St.Valentine’s Day is widely celebrated today with Ecards and gifts of roses and chocolates, often ordered on the internet. Within this content, love letters, sent by ordinary post, might seem old-fashioned and nostalgic. In 1916, however, love letters were perhaps one of the most important ways of expressing feelings to loved ones, especially those at a distance.
The Letters of 1916 project is bringing to life the written words, the last words, the unspoken words, and the forgotten words of ordinary people during this formative period in Irish history. Love letters are part of this picture too!
Letter from May Fay to James Finn,14 February 1916
Finn Family Collection
This is from a series of letters written between James Finn and his fiancée Mary (May) Fay. They became engaged in January 1916 and married in June. He lived in Dublin, she in Westmeath. At 39 years of age, he was 20 years her senior. He had become acquainted with her during his regular visits to his relative Mrs Mary Seery, her neighbour. Throughout the correspondence, their relationship develops from their first somewhat tentative letters.

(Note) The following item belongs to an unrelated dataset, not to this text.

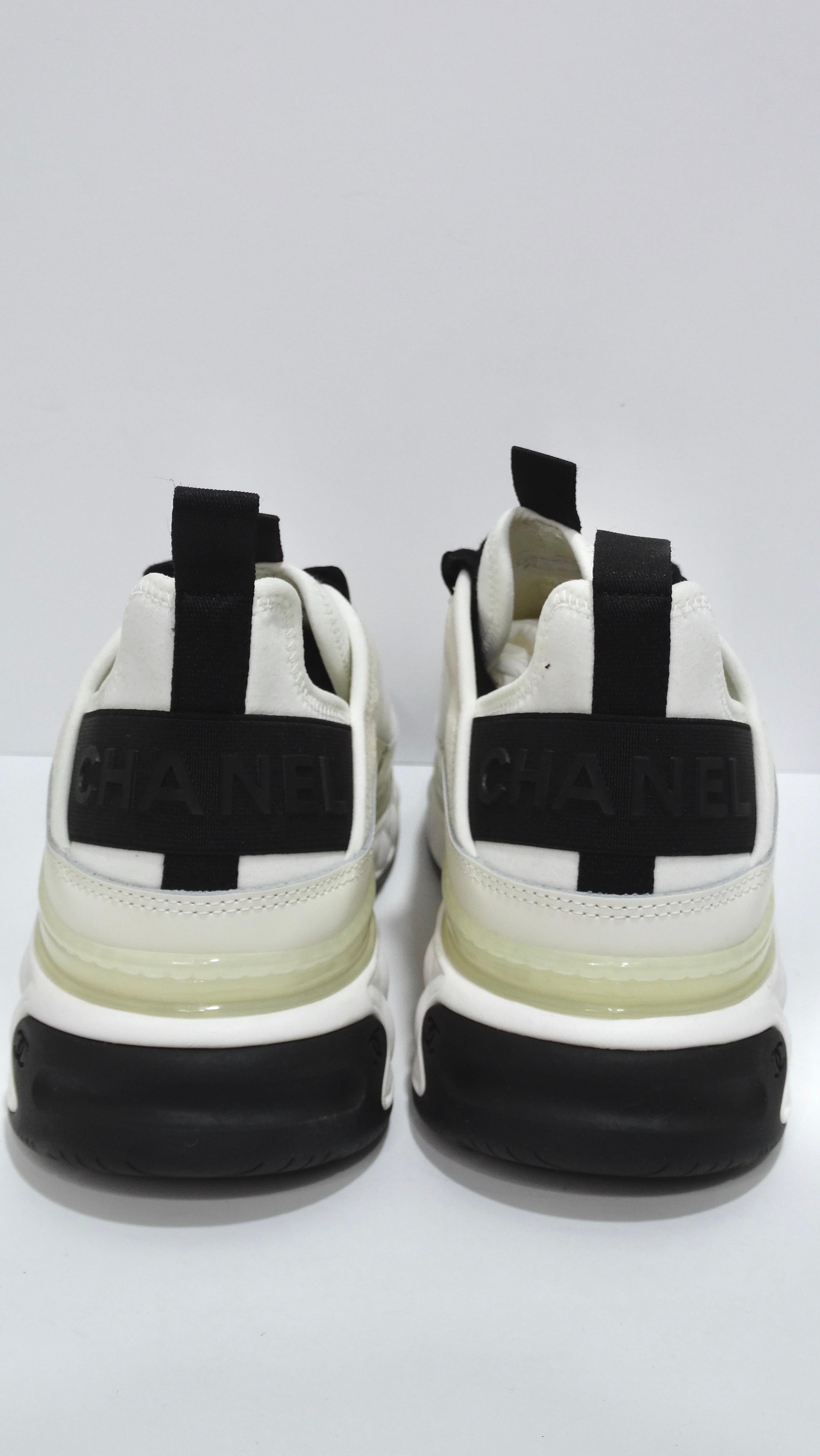 Women's Chanel Mixed Fibers CC Sneakers 39.5 Ivory Black
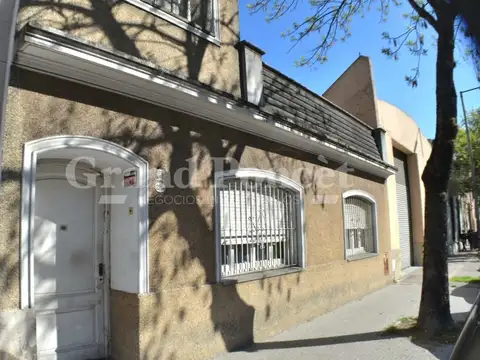 Venta Casa 5 Ambientes con Patio y Terraza en Venta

Tessa Finn is one of the individual (as opposed to institutional) contributors to the Letters of 1916. She shared this collection of letters between her grandparents, which she describes as “a document of their love and their time.”
As Tessa writes: “These letters between James Finn and May Fay, most of them written in 1916, are part of my family’s inheritance, lovingly treasured by my grandmother, May. She had every reason to cling on to these reminders of the love of her life, my grandfather James Finn. They were married not quite six years when he died leaving her, twenty-five years old and seven months pregnant with their fourth child. They are a document of their love and their time.”